What you return must match the records exactly, except that the pictures are gone.

— EXTRACTED ENTRIES —
= Beginning of Section =

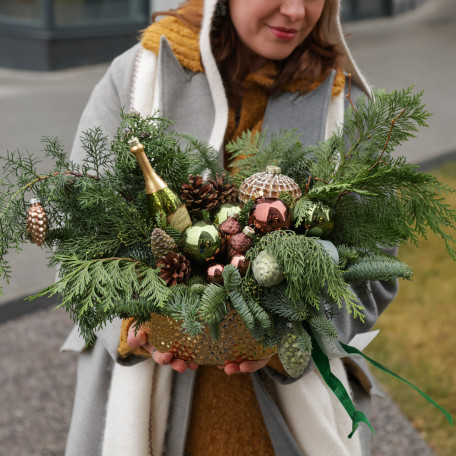 Композиция в золотом кашпо с шампанским и шишками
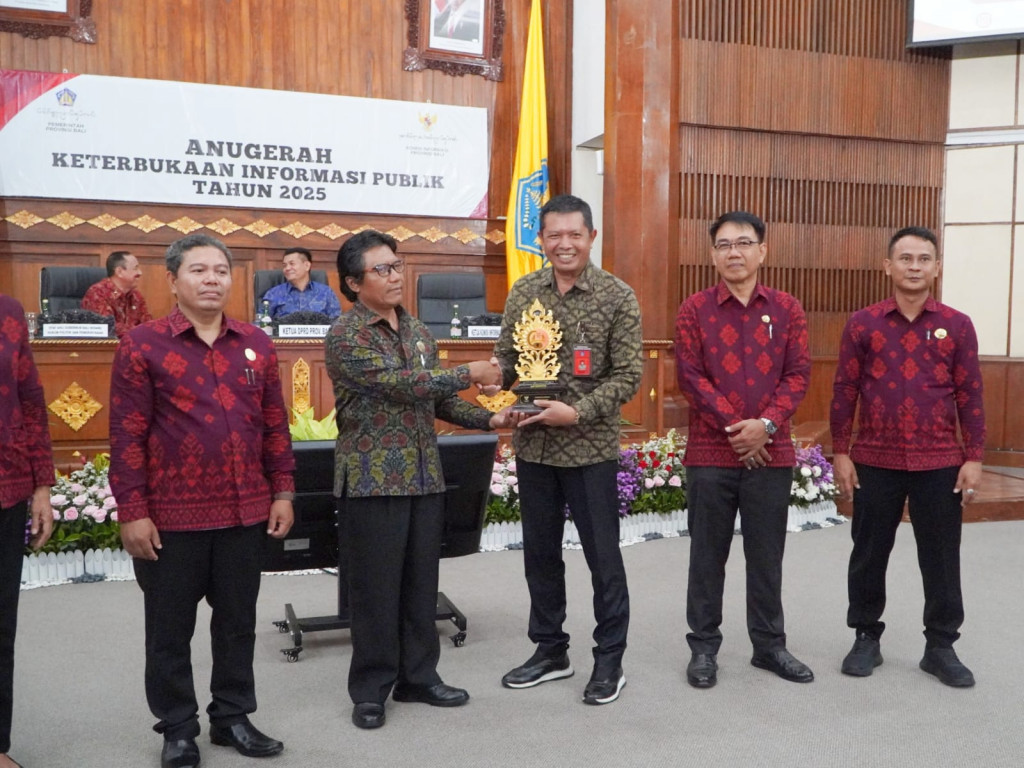 Pemerintah Desa Dalung Raih Penghargaan Apresiasi Desa Transparan oleh Komisi Informasi Provinsi Bali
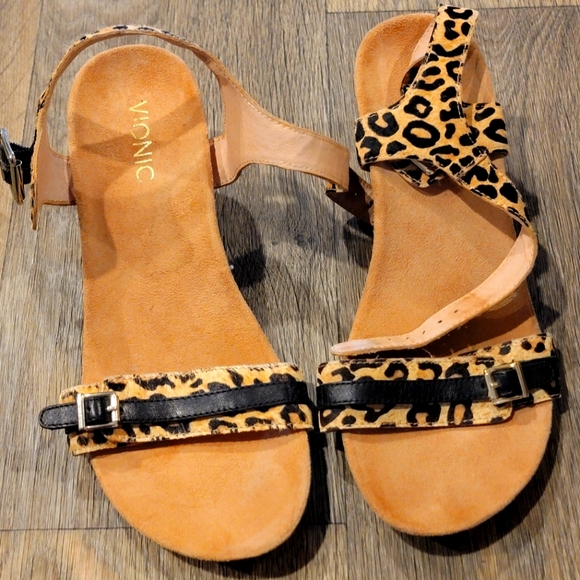 Textured leopard print strappy sandals - Picture 1 of 6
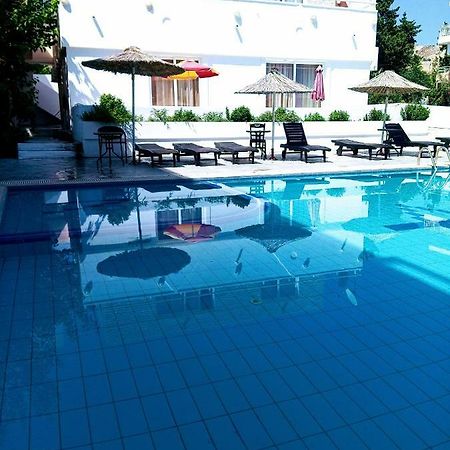 Saint Konstantin Beach Apartments Stegna Exteriér fotografie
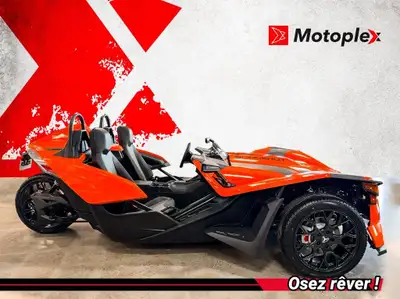 Slingshot SL (AutoDrive) Propulsez votre style au niveau superieur dans ce roadster a trois roues do...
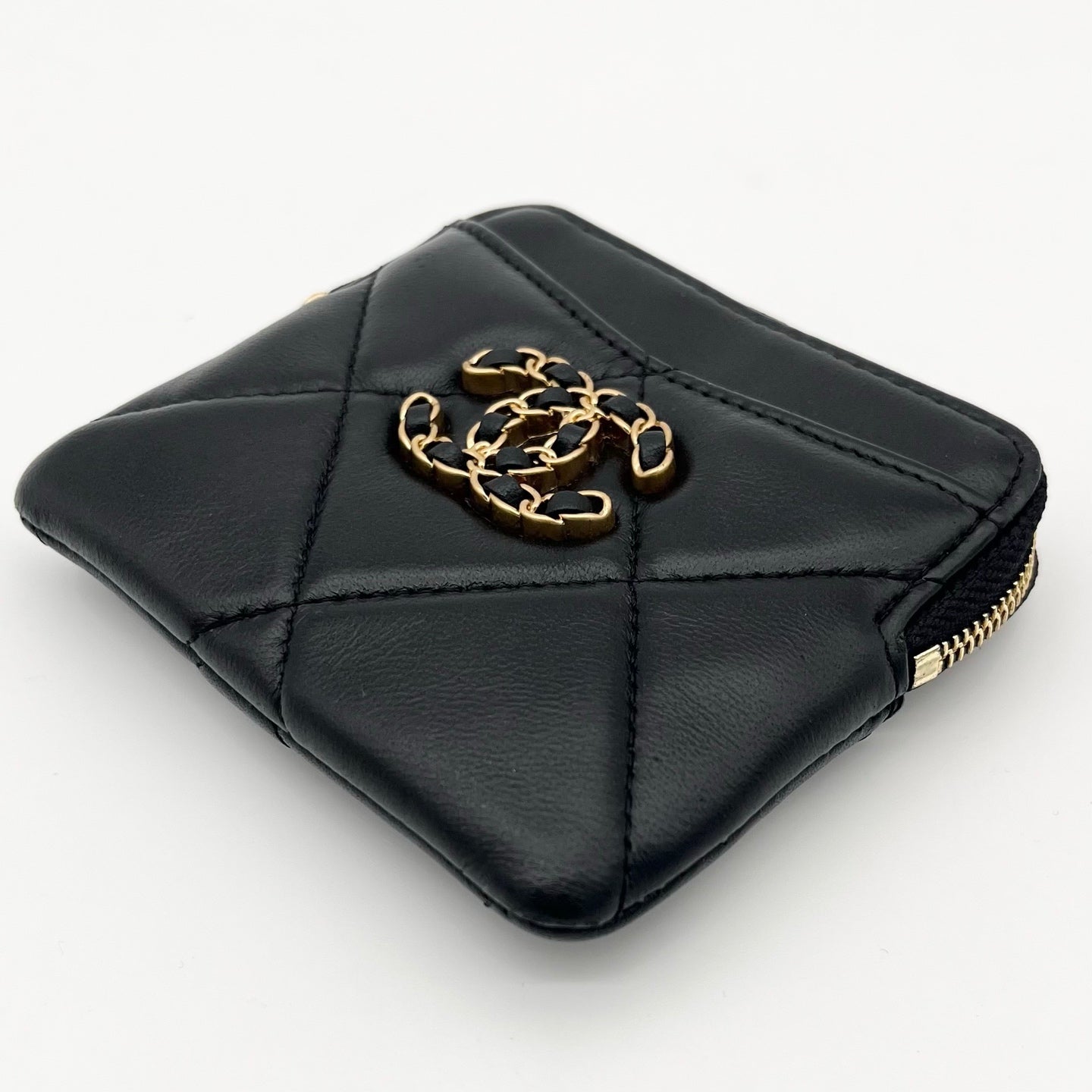 Chanel 19 Series Black Lambskin Coin Purse & Card Holder with Gold-Tone Hardware [Used]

= End of Section =

— FINAL ANSWER —
 Композиция в золотом кашпо с шампанским и шишками
 Pemerintah Desa Dalung Raih Penghargaan Apresiasi Desa Transparan oleh Komisi Informasi Provinsi Bali
 Textured leopard print strappy sandals - Picture 1 of 6
 Saint Konstantin Beach Apartments Stegna Exteriér fotografie
 Slingshot SL (AutoDrive) Propulsez votre style au niveau superieur dans ce roadster a trois roues do...
 Chanel 19 Series Black Lambskin Coin Purse & Card Holder with Gold-Tone Hardware [Used]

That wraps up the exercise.